We all know that prayer is an essential practice of the Christian life. We also know that it doesn't necessarily come naturally. Learning to pray takes time and effort and discipline, and for many Christians it becomes a source of shame that they have not been more concerted and regular in the practice of prayer.

Take heart: even when you and I fail to pray, our Lord Jesus is alive and continues to make intercession for us (Hebrews 7.25). The Holy Spirit "intercedes for us with groanings too deep for words" (Romans 8.26). So great is the gift of prayer, we receive its blessings even when we don't open it.

Fortunately, God has made provision for us in his Holy Scriptures to teach us how to pray.

The Psalms.

The Prayerbook of the Bible

Dietrich Bonhoeffer points out what a surprising thing it is that this prayerbook—which is what the Psalms is—should be included in the Bible. "The Holy Scripture is the Word of God to us," he writes in his little book  on the Psalms. "But prayers are the words of men. How do prayers then get into the Bible?"

Think about how children learn to talk. It is through others, principally their parents, speaking to them. Then, children learn the speech of their mothers and fathers; by being spoken to they learn how to speak for themselves.

This is like what we have in the Psalms: our Heavenly Father speaks to us, modeling for us how we are to speak to Him. Bonhoeffer writes, "Repeating God's own words after him, we begin to pray to him."

You may have already sensed this about the Psalms intuitively. I want to encourage you to practice this intentionally.

The Psalm-Praying Challenge

I challenge you to devote the month of June to a deep reading of the Psalms.  Here is a Psalm calendar for reading the whole book across 30 days (I've taken it from the excellent Treasury of Daily Prayer from CPH).
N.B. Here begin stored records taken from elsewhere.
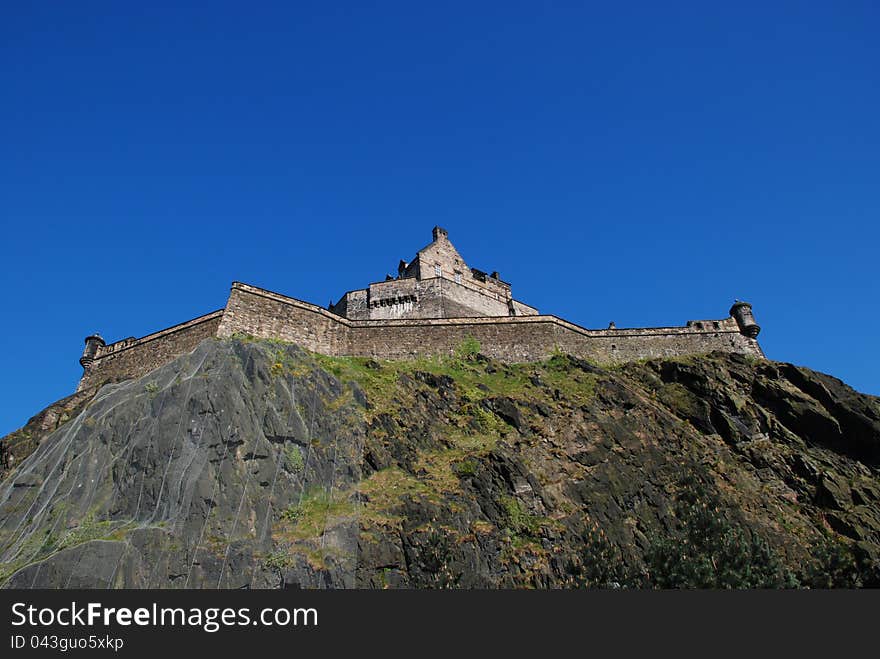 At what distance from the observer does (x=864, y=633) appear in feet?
45.2

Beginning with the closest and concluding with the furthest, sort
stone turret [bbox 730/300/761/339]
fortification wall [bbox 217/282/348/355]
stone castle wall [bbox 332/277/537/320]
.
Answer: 1. fortification wall [bbox 217/282/348/355]
2. stone turret [bbox 730/300/761/339]
3. stone castle wall [bbox 332/277/537/320]

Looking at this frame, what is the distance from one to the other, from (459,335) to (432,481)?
13.5 metres

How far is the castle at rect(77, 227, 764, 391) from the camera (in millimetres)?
34469

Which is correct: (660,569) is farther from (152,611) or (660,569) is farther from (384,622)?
(152,611)

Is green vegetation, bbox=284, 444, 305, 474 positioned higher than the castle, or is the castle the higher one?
the castle

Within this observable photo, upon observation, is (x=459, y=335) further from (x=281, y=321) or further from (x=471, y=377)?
(x=281, y=321)

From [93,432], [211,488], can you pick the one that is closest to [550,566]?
[211,488]

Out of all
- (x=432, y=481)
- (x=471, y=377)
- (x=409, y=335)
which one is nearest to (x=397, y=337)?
(x=409, y=335)

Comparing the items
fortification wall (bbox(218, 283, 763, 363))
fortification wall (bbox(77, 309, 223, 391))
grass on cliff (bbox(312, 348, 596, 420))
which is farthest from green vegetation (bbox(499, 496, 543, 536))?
fortification wall (bbox(77, 309, 223, 391))

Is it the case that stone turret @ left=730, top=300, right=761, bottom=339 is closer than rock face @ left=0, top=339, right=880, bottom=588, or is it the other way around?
rock face @ left=0, top=339, right=880, bottom=588

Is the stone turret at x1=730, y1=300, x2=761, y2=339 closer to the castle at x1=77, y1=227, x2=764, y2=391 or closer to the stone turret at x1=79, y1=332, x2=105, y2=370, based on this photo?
the castle at x1=77, y1=227, x2=764, y2=391

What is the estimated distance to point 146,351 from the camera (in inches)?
1399

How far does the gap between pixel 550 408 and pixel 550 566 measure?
9101mm

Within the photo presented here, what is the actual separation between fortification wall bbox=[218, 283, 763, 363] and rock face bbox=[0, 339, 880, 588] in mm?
2661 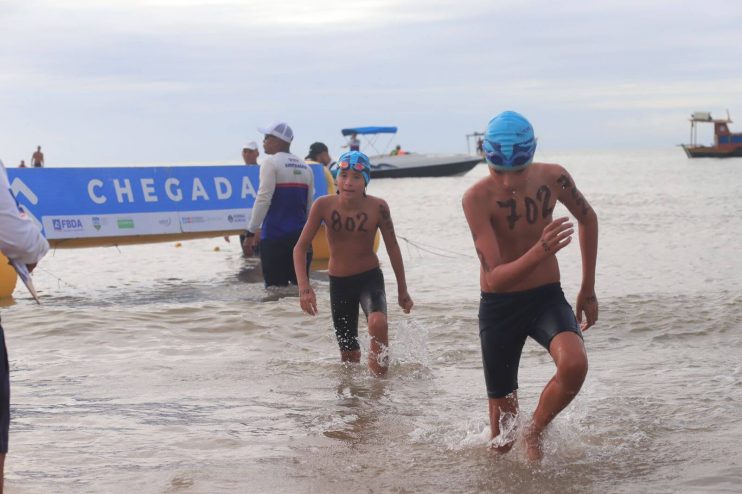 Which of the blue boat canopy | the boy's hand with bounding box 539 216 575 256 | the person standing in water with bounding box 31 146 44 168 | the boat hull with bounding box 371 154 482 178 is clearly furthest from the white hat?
the boat hull with bounding box 371 154 482 178

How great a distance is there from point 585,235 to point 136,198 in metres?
9.63

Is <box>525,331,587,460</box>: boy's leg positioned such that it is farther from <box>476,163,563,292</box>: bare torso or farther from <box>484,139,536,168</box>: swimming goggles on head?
<box>484,139,536,168</box>: swimming goggles on head

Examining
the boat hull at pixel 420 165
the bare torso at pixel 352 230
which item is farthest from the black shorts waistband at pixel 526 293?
the boat hull at pixel 420 165

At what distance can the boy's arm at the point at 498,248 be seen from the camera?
3922mm

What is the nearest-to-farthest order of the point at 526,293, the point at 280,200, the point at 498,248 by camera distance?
the point at 498,248 < the point at 526,293 < the point at 280,200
Let me offer a few more practical tips:

    •    Consider splitting the Psalms up between evening and morning (the calendar easily lends them to this kind of organization). This is a great bracket to your day.

    •    Don't rush your reading; even a leisurely pace for the day's allotted portion won't take more than 15 minutes or so. Think of it as sucking on a lozenge, not gulping a soda.

    •    Begin with a brief prayer for illumination. A verse from the Psalms is of course appropriate; I recommend Psalm 119.18: "Open my eyes, that I may behold wondrous things out of your law!"

    •    Don't stress out if you miss a day or two—it happens. Just pick up at the current day ("make up work" isn't necessary) and continue on. 

    •    Conclude your reading with a few moments of "reflective" prayer, reflecting back to God what you have heard and prayed in his Word.

There are no silver bullets or short cuts in these matters.

The paradox of prayer is that it's undeniably simple—as simple as resting in the arms of Abba—but it's also unutterably profound—a discipline that calls for a life's work of learning.

If you devote the next 30 days to a regular and reflective reading of the Psalms, though, I can assure you that you will be well on your way to learning to pray, or to pray with greater richness. You will find your mind and imagination animated with the language and images of the Scriptures. You will start to sound more like your Heavenly Father.

Sunday's sermon

The word of Jesus on prayer in Sunday's Gospel couldn’t have been much simpler: “Ask, and you will receive” (John 16.24). But if God already knows all that we need, why do we need to ask?

Listen to Sunday's sermon

News & Notes

  • Today's the day for our Ascension Day Picnic & Kite-Fly! Looks like the weather will be good, so we'll plan to be on the playground at the Pleasant Valley Community Center at 5:30. Bring a dish to pass if you can—but more importantly, bring a friend! 
  • This coming Sunday we'll have the pleasure of hosting the Camp Arcadia summer staff in worship. These young people are a living refutation to the claim that young people nowadays don't care about serving; they're devoting their summer to serve others with God's love. We'll give them God's blessing as part of our worship. 
  • Speaking of serving, I am so thankful for the service of John Steben. John has graciously filled in as church musician several times over the last few months, and will do so again this coming Sunday. Like so many in our church, John is ready and willing to help out at a moment's notice. 

From the Church Year

Today the Church Year commemorates the Ascension of our Lord. From the Treasury of Daily Prayer:

"In His resurrection, the Lord Jesus presented Himself alive to the apostles, 'appearing to them during forty days and speaking about the kingdom of God' (Acts 1:3). Then He ascended to the right hand of the Father, not orphaning His Church, but filling all things in heaven and on earth, and giving gifts to His disciples. So today, He continues to preach 'repentance and forgiveness of sins' (Luke 24:47) through 'the apostles whom he had chosen' (Acts 1:2), even 'to the end of the earth' (Acts 1:8). Jesus comes among us today by His Word and Spirit, whom He pours out upon 'the church, which is his body' (Eph. 1:22-23). In His Church, He blesses us with forgiveness, lifts us up in His hands and seats us with Himself 'in the heavenly places' (Eph. 1:20)."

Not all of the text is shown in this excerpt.